Till the bank shuts me down

An iron triangle of joined interests has kept the Missouri River battle stuck for so long: the Corps' political clout in Congress, the downstream barge industry, and Missouri's appeal as a presidential swing state. Arguably, the importance of each of those is diminishing, and the evolving economic realities suggest a coming political realignment on this most intractable of issues. Such a realignment might be triggered by a judge like Gladys Kessler; more likely, a future president will make the calculation that the political benefits of pleasing the senators in three states (N.D., S.D., and Mont.) outweigh the risks of crossing the barge industry in one state, Missouri. In any event, such a change is unlikely to occur under the present administration. The Bush White House has cast its lot with the downriver folks and has repeatedly cast a decisive veto to reject any efforts to alter the status quo.

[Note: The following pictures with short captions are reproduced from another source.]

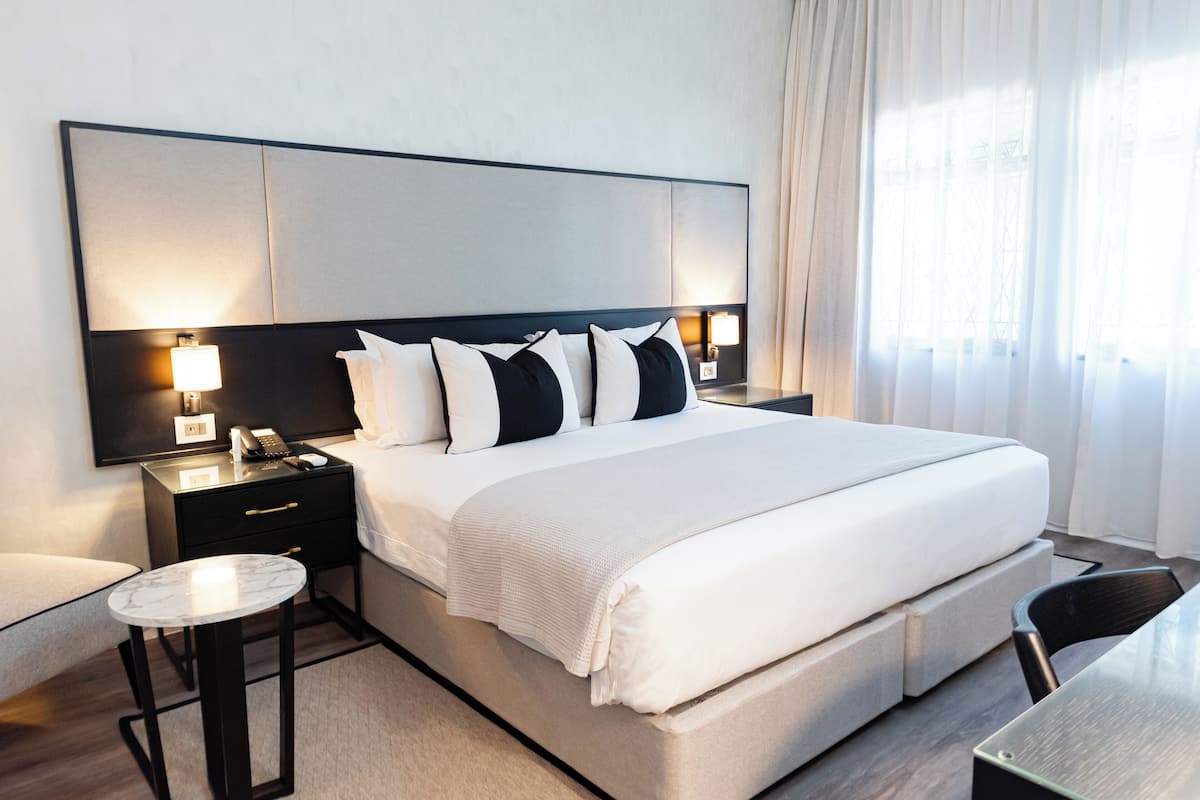 A modern hotel room with a large bed, bedside tables with lamps, a small round table, and a chair.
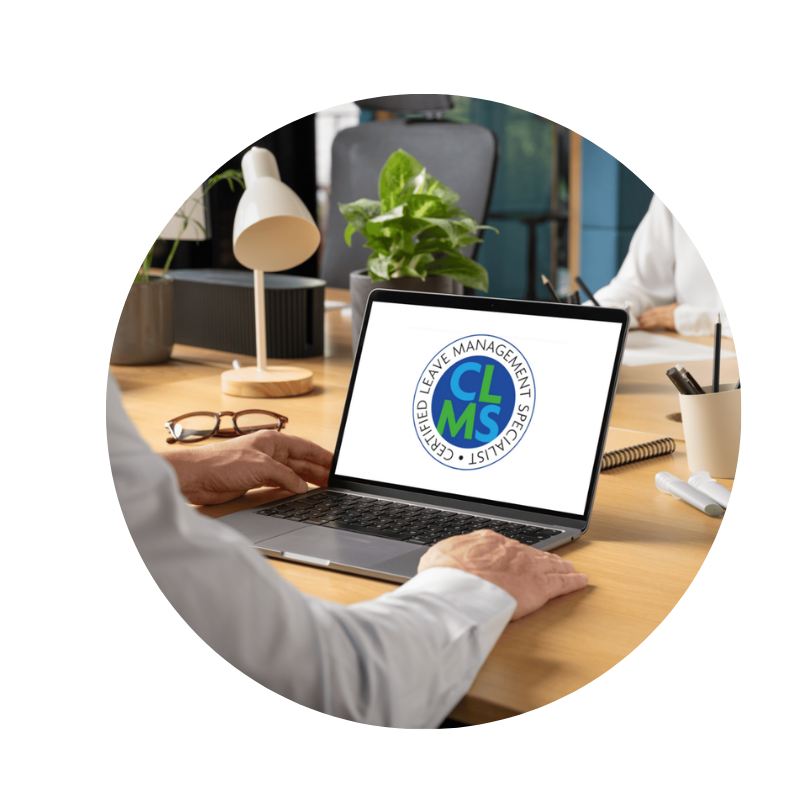 Man using a laptop to explore the Certified Leave Management Specialist (CLMS) online course platform.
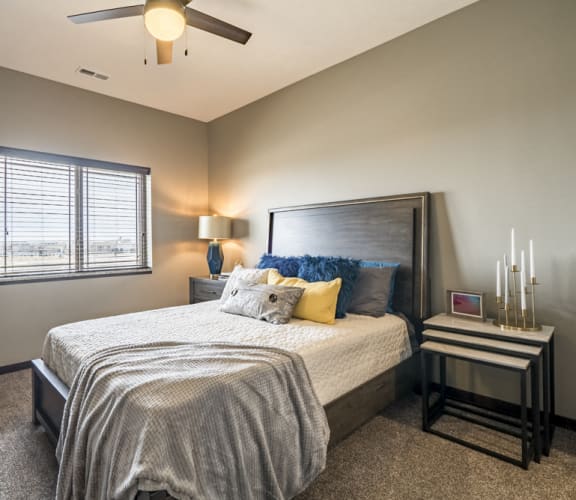 Bedroom with ceiling fan and natural lighting at 360 at Jordan West best new apartments West Des Moines IA 50266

So, for the moment, that status quo persists, and that's left some in an unpromising spot. When I spoke with Bob Shadwell in 2003, he told me he'd filed for bankruptcy protection. As the drought persisted, water levels along the Lake Oahe stretch of the Upper Missouri had continued to drop--by an amazing 11 feet. Cottonwoods submerged for a half-century protruded like a forest graveyard, he said, and getting on the fiver was spooky as well as dangerous.

A resort had closed nearby; a victim of drought and what Dakotans regarded as a water-allocation policy favoring downstream interests. But despite disastrous conditions, Shadwell insisted that he would not abandon his dream of running a fishing lodge with his family. "I can't give up on this," he said. "I'm going to hang on until the fat lady sings or the bank shuts me down."